[[ Data section, beginning ]]
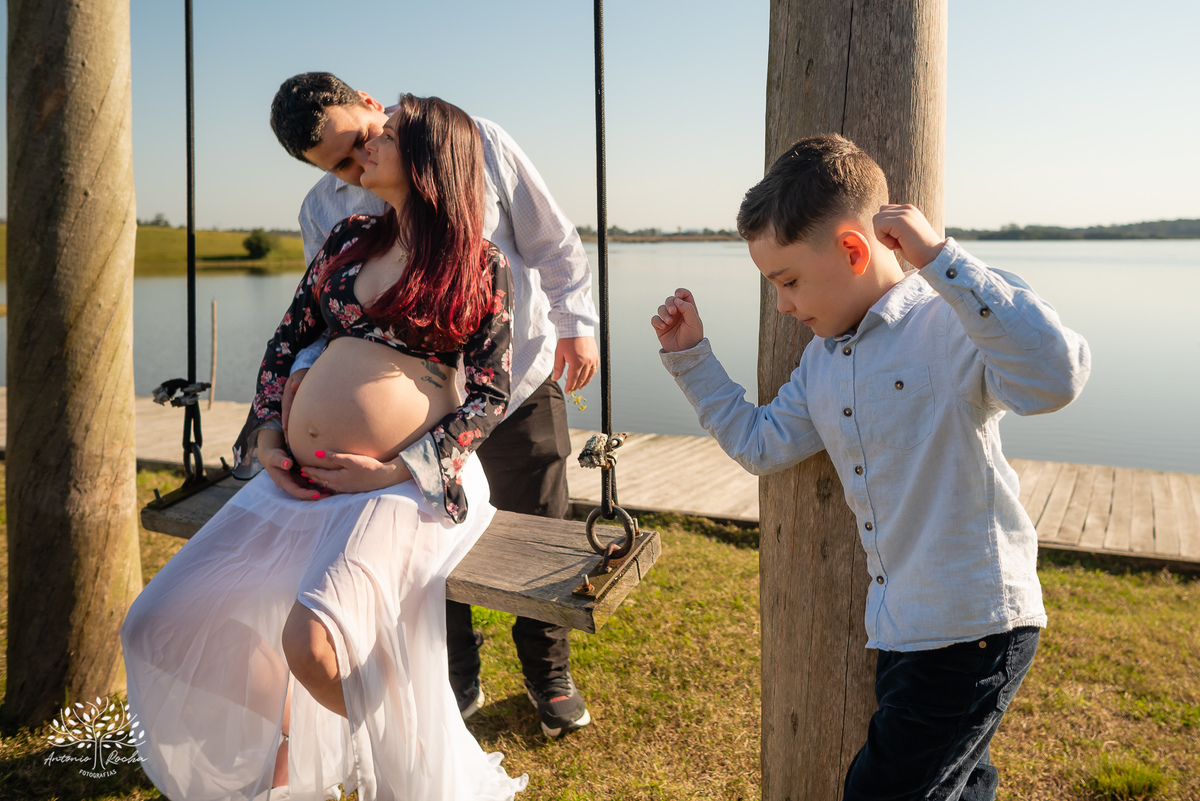 ensaio gestante - espera - Francine - Morada do Sol - Henrique - Otávio - família - tarde ensolarada - gestação - fotos de família - cliques - amor e cumplicidade - luz dourada - do bebê - fotografia profissional - Antonio Rocha Fotografias-Pelotas
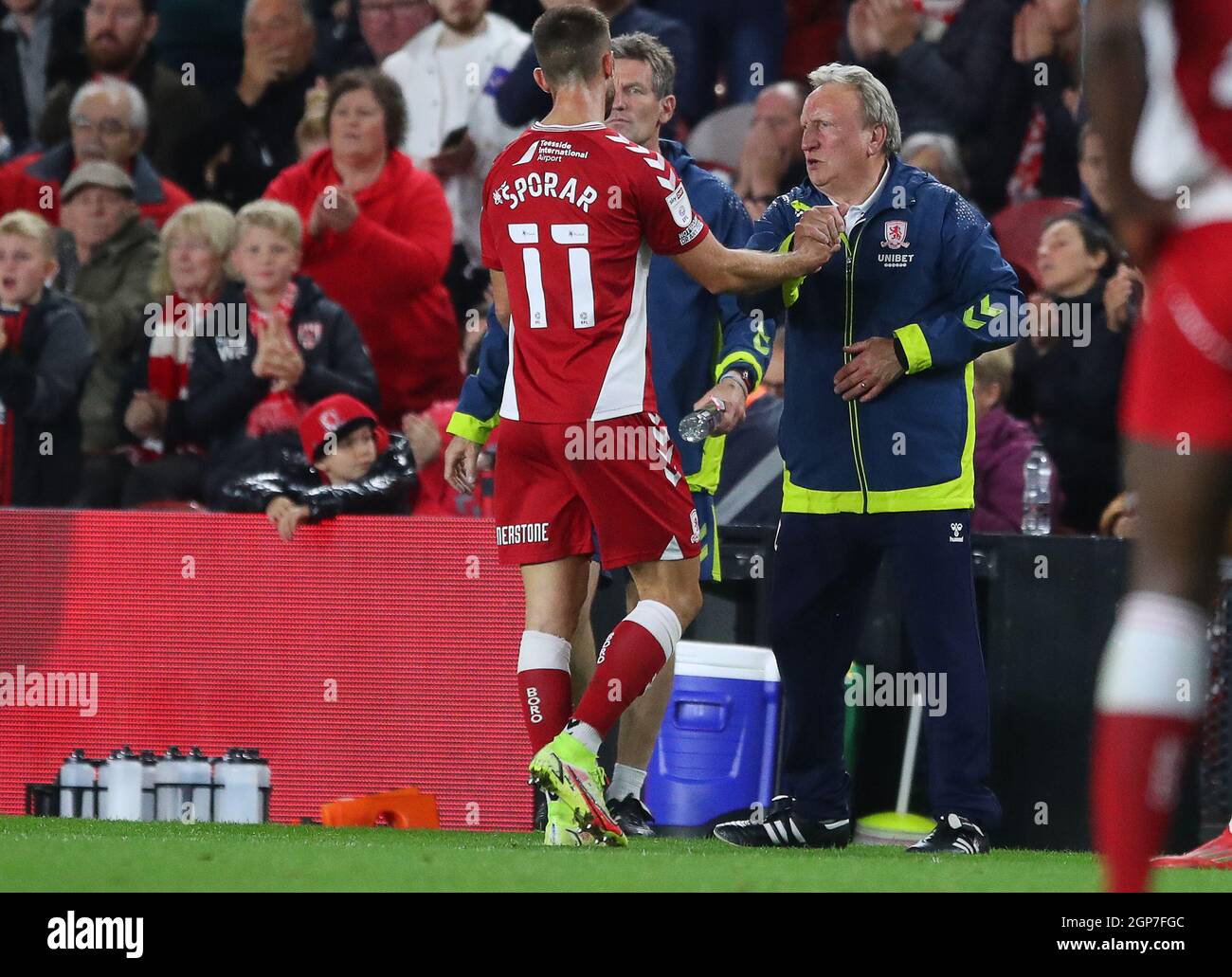 Middlesbrough, England, 28. September 2021. Neil Warnock-Manager von Middlesbrough schüttelt sich die Hände mit Andraz Sporar von Middlesbrough, als er während des Sky Bet Championship-Spiels im Riverside Stadium, Middlesbrough, ersetzt wird. Bildnachweis sollte lauten: Simon Bellis / Sportimage Stockfoto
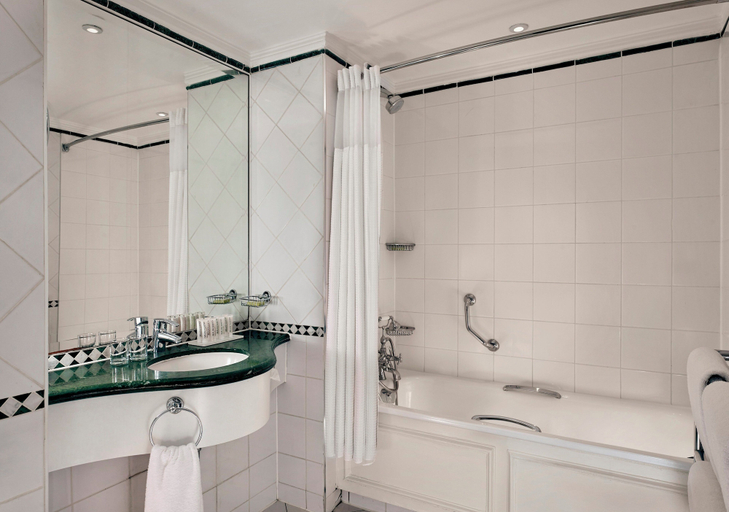 Bathroom 5, The Dilly, London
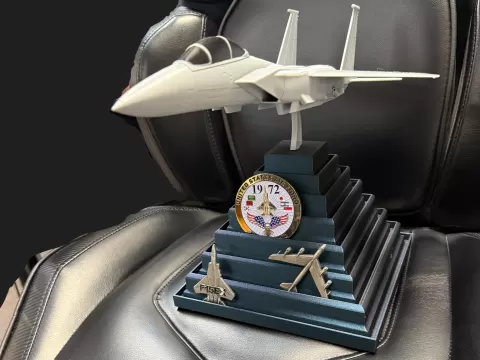Coin Display - 8 tier pyramid with airplane mount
[[ Data section, end ]]
Exact reproduction is required for the lines from the one containing "Middlesbrough, England, 28." through the end of the material, and for those lines only, without pictures.

▸ Answer section:
 Middlesbrough, England, 28. September 2021. Neil Warnock-Manager von Middlesbrough schüttelt sich die Hände mit Andraz Sporar von Middlesbrough, als er während des Sky Bet Championship-Spiels im Riverside Stadium, Middlesbrough, ersetzt wird. Bildnachweis sollte lauten: Simon Bellis / Sportimage Stockfoto
 Bathroom 5, The Dilly, London
Coin Display - 8 tier pyramid with airplane mount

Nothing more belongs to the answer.